Education, Higher--Research

Model
Digital Document
Publisher
Florida Atlantic University
Description
The cross-validated classification accuracy of predictive discriminant analysis (PDA) and logistic regression (LR) models was compared for the two-group classification problem. Thirty-four real data sets varying in number of cases, number of predictor variables, degree of group separation, relative group size, and equality of group covariance matrices were employed for the comparison. PDA models were built based on assumptions of multivariate normality and equal covariance matrices, and cases were classified using Tatsuoka's (1988, p. 351) minimum chi square rule. LR models were built using the International Mathematical and Statistical Library (IMSL) subroutine Categorical Generalized Linear Model (CTGLM), available with the 32-bit Microsoft Fortran v4.0 Powerstation. CTGLM uses a nonlinear approximation technique (Newton-Raphson) to determine maximum likelihood estimates of model parameters. The group with the higher log-likelihood probability was used as the LR prediction. Cross-validated hit-rate accuracy of PDA and LR models was estimated using the leave-one-out procedure.

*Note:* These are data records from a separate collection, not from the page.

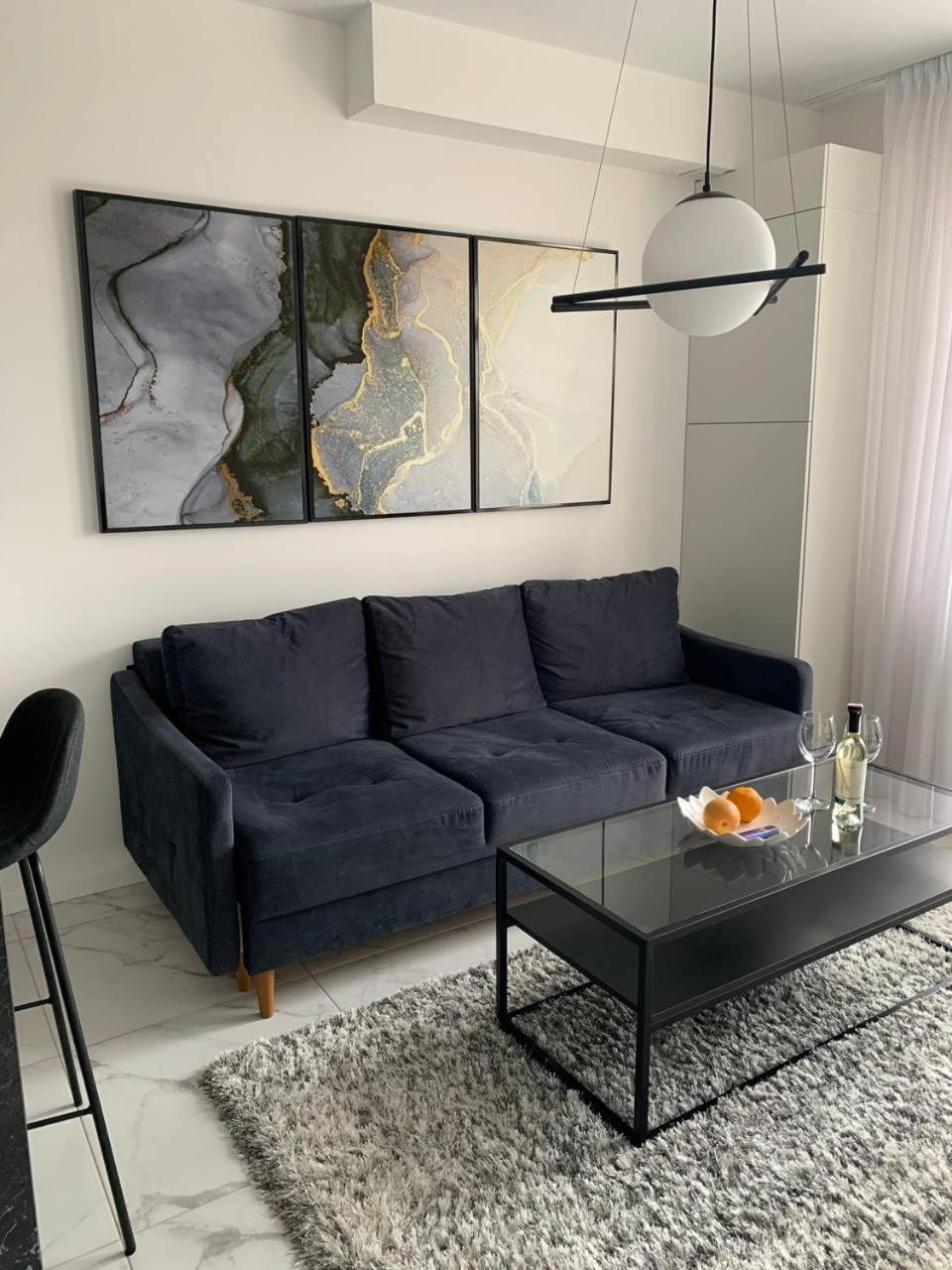 New Modern Apartment อุชโฮรอด ภายนอก รูปภาพ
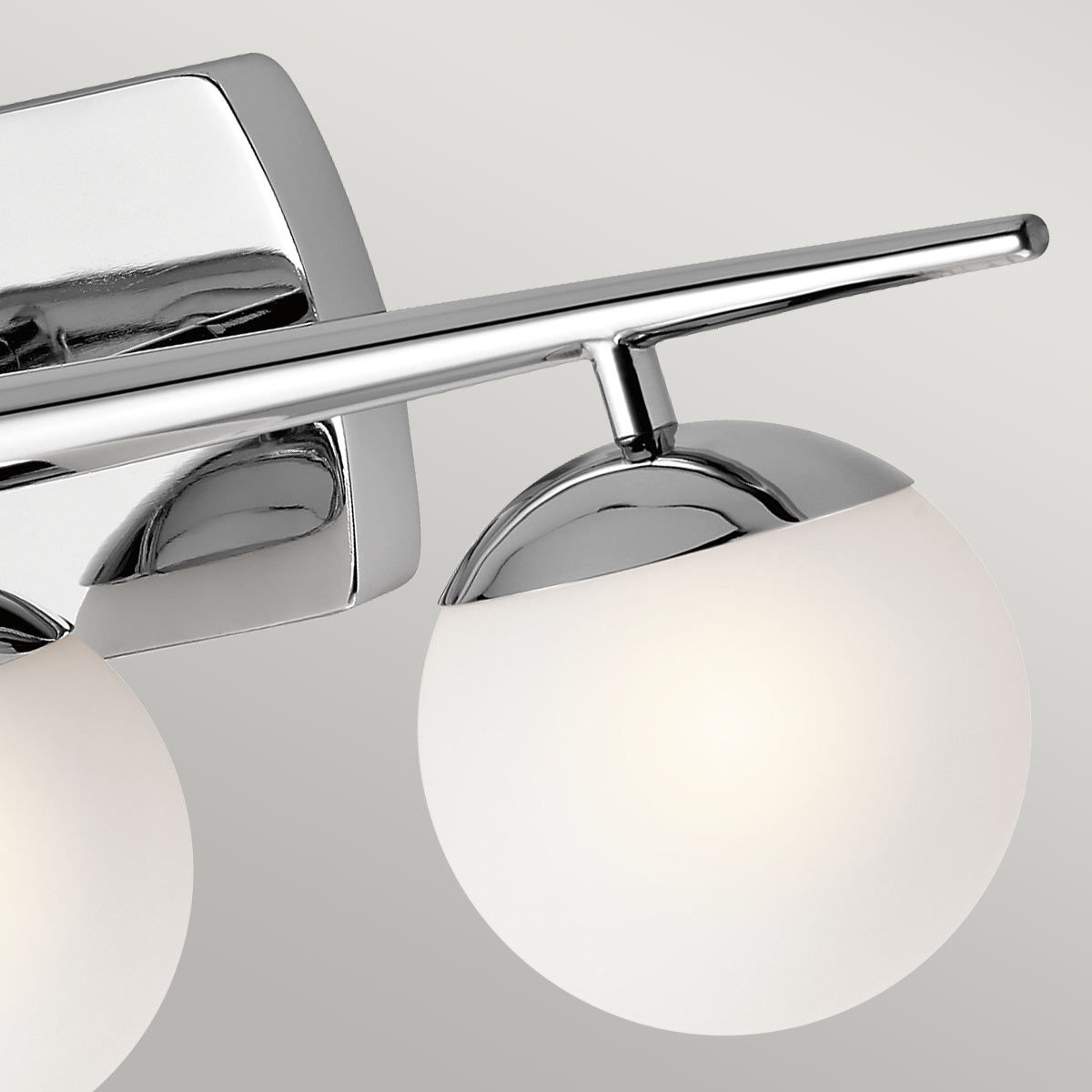 Jasper 62cm Gepolijst chroom badkamerlamp Van Elstead Lighting - Dankzij het stijlvolle design is de lamp zowel praktisch als decoratief in de badkamer.
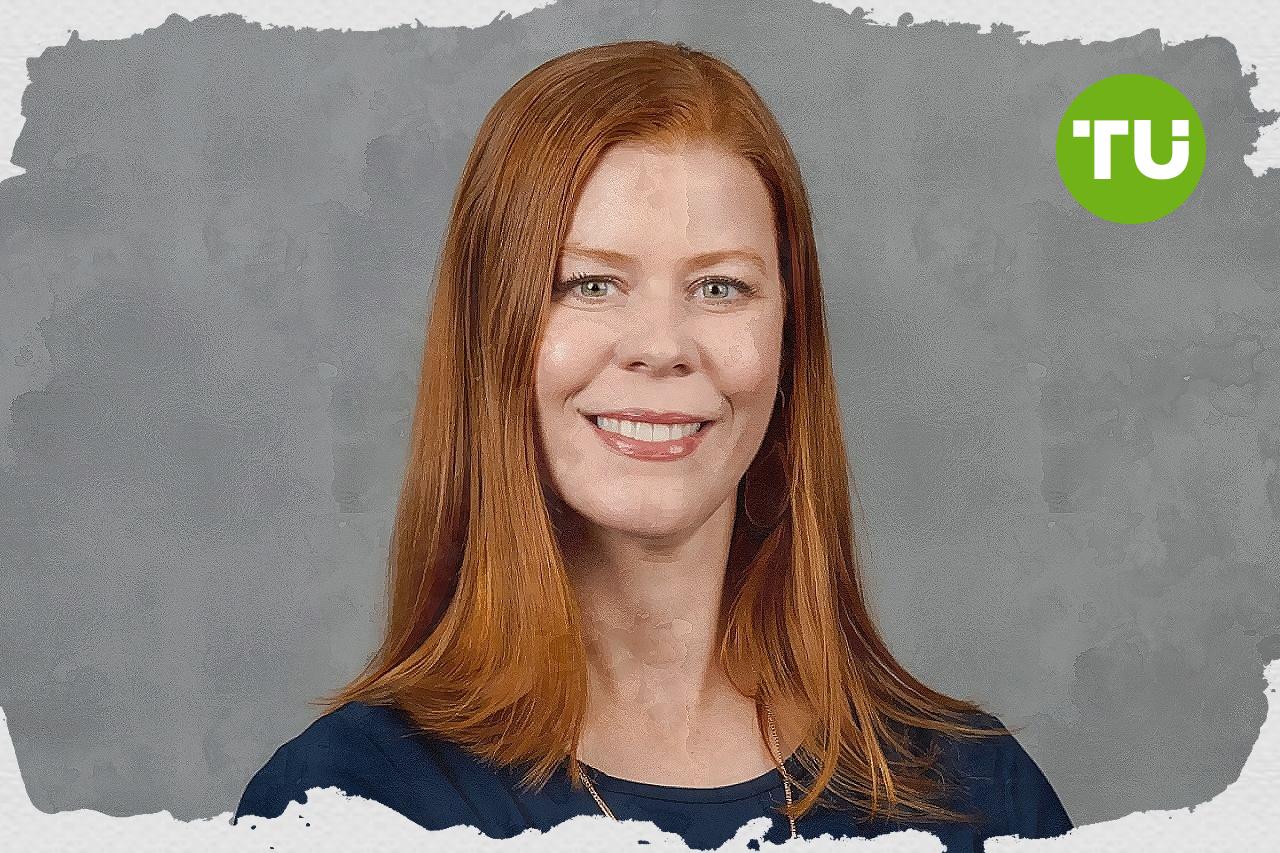 Wage growth lags behind 3.8% inflation, Heather Long notes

McNemar's (1947) statistic for correlated proportions was used in the statistical comparisons of PDA and LR hit rate estimates for separate-group and total-sample proportions (z = 2.58, a =.01). Total-sample and separate-group cross-validated classification accuracy obtained by PDA was not significantly different from that obtained by LR in any of the 31 data sets for which maximum likelihood estimates of LR model parameters could be calculated. This was true regardless of assumptions made about population sizes (i.e., equal or unequal). Neither theoretical nor data-based considerations were helpful in predicting these results. Although it does not appear from these data to make a difference which classification model is used, use of the method described in this study for comparing PDA and LR models will enable researchers to select the optimal classification model for a specific data set, regardless of data conditions.